Типа: Воевода Всеволжский — сильнее владыки Ростовского.
"Смерть — высшая степень унижения".
Унижение — для него, возвеличивание — для меня.
Ещё: я не могу поручить это дело кому-нибудь из своих людей. Оно... против общего русского закона, против "с дедов-прадедов заведено". Это — новизна. По общему чувству — опасная для жизни и души.
Только — личным примером. Первому — мне. Не посылая на столь опасное дело кого-то другого.
Для них это святотатство. За которым последует расплата. Наказание божье, казни египетские.

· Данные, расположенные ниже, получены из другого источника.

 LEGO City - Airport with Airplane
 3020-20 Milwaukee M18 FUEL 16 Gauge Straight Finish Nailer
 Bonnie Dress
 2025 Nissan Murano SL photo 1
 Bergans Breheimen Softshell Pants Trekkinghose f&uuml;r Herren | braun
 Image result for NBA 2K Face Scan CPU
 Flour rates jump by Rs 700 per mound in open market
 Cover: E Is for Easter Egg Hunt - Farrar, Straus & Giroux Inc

По "Житию Авраамия Смоленского":
"И после того как блаженный скончался, сбылось пророчество святых апостолов о преследовавших и прогнавших святого, так что одних из епископов постигла внезапная смерть, у других же появились на ногах синие прыщи, которые лопались, а еще одному внезапный огонь, сошедший свыше, иссушил руки и ноги, у другого же распухла нога и начала гнить, а поскольку она прикасалась к другой, зараза перешла и на ту, и он умер лишь через три года, у другого же язык стал как затычка во рту, и, написав на доске, он признал свой грех, что изрек хулу на святого Иоанна Златоуста; а Евдоксию поразила жестокая болезнь, ибо у нее из недр шла кровь, а потом был смрад, и она извергла из себя червей, и так злообразно кончила она свою жизнь горькой смертью".

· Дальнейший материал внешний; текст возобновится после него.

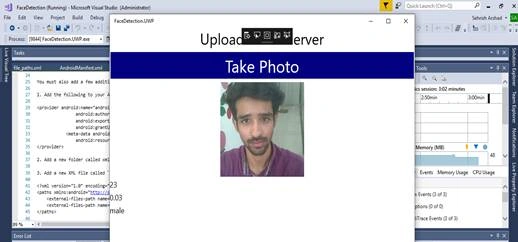 How To Detect Human Faces Using Cognitive Services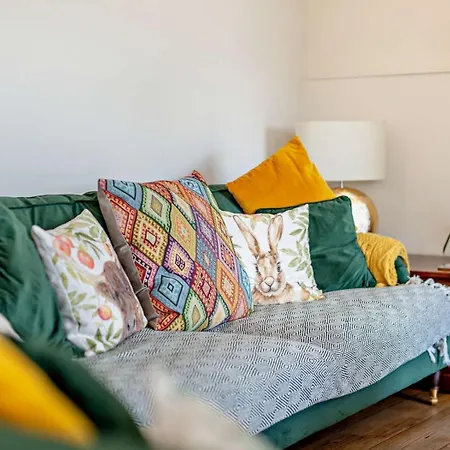 Semesterbostad 4 Bed In Whitby Oc-82262 Danby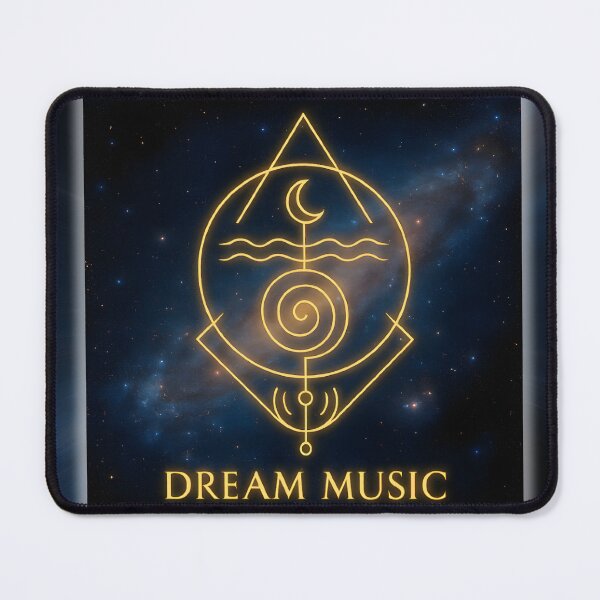 Item preview, Dream Music designed and sold by LUMINOUS LUCIDITY.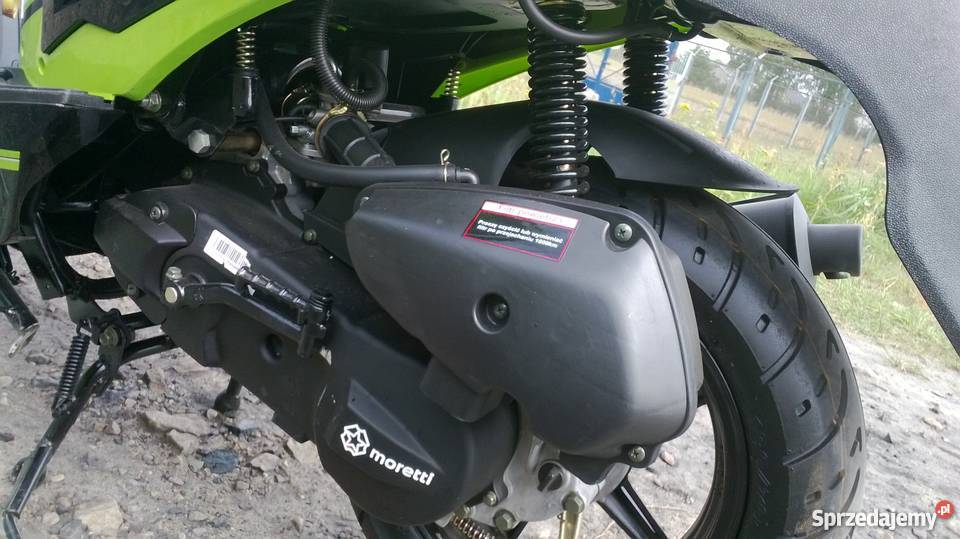 Barton Falcon 2T 50cc SprzedamZamienię do Nego Radom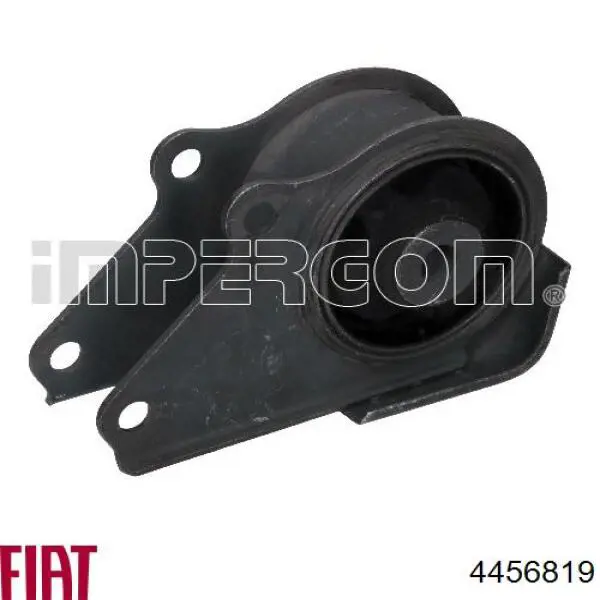 Подушка (опора) двигуна, задня Fiat/Alfa/Lancia 4456819 ціна, від 25.84 USD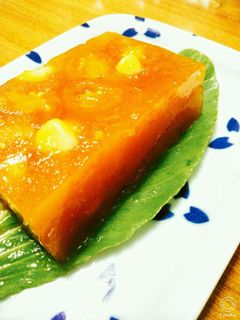ミニトマトのコンソメゼリーサラダ-レシピのメイン写真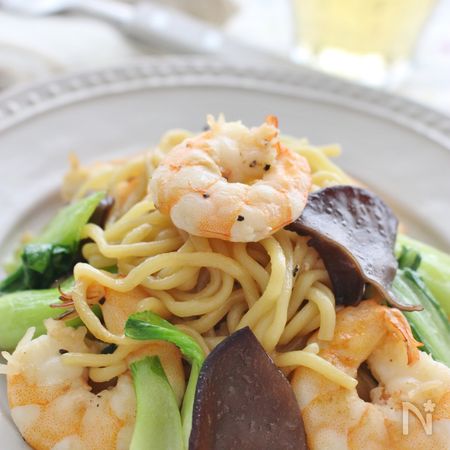 上海風焼きそば By さっちん レシピサイト Nadia ナディア プロの料理家のおいしいレシピ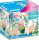 PLAYMOBIL Fairies 70655 Einhorn mit Fütter-Fee
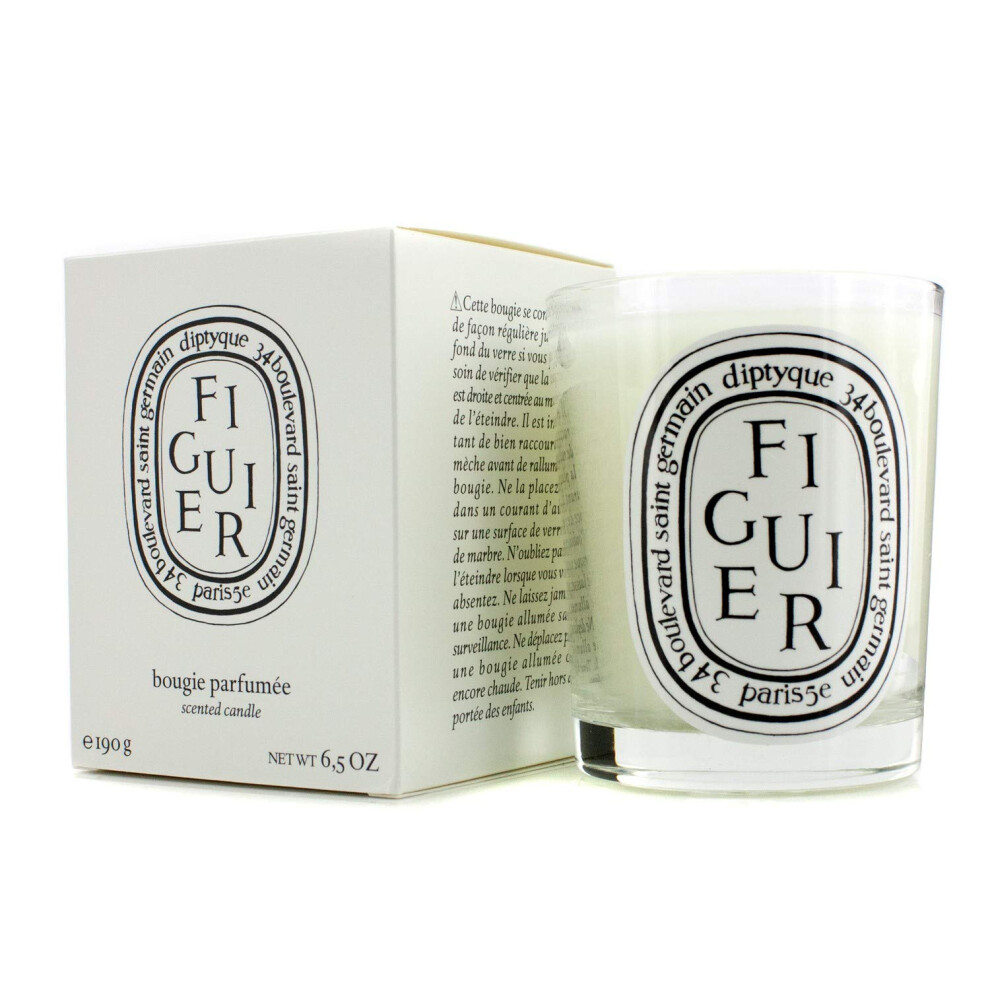 Diptyque - Figuier candle, green, Standard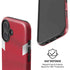 Russia Soccer Flag iPhone 16 Plus Magsafe Impact Case
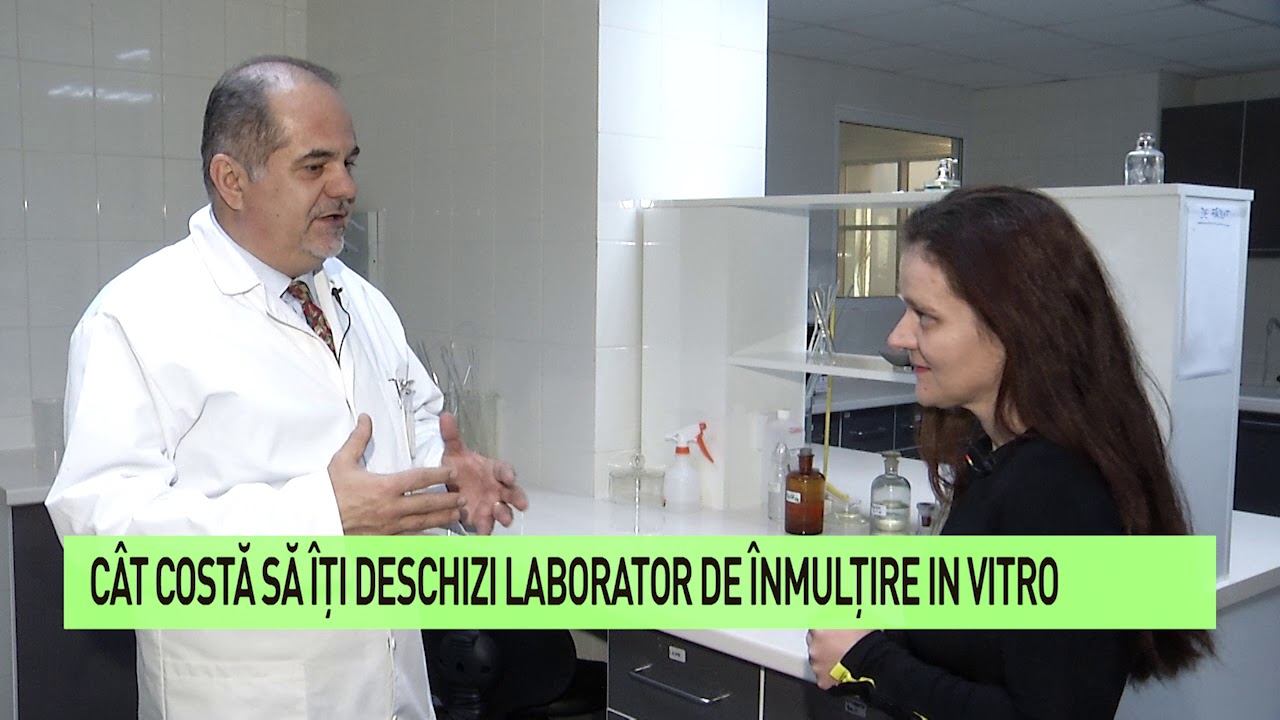 AGRICOOL - Tot ce trebuie sa stii despre inmultirea in vitro a plantelor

Мои люди, выросшие в этом, впитавшие "с молоком матери" вот такие суждения авторитетнейших мудрецов, ожидают вот таких последствий. С синими прыщами, иссушением или опуханием, с кровотечениями и червячками из разных мест.
По вере своей.
А мне — пофиг. Бред, брёх и суеверия.
Им — нельзя, мне — можно. Нужно.
"Будущее вкус не портит мне,
Мне дрожать за будущее лень;
Думать каждый день о чёрном дне -
Значит делать чёрным каждый день".
Нет на них Губермана.
Вымаливать, чтобы "ответка не прилетела", чтобы "чёрный день" не настал... Не моё.
"А не верю я
И ни в сон, и ни в чох,
Ни в вороний грай.
А я верую в свой червлёный вяз".
И Васьки Буслая — тоже пока нет.
Я этого хочу. Я хочу, чтобы эта сука — сдохла.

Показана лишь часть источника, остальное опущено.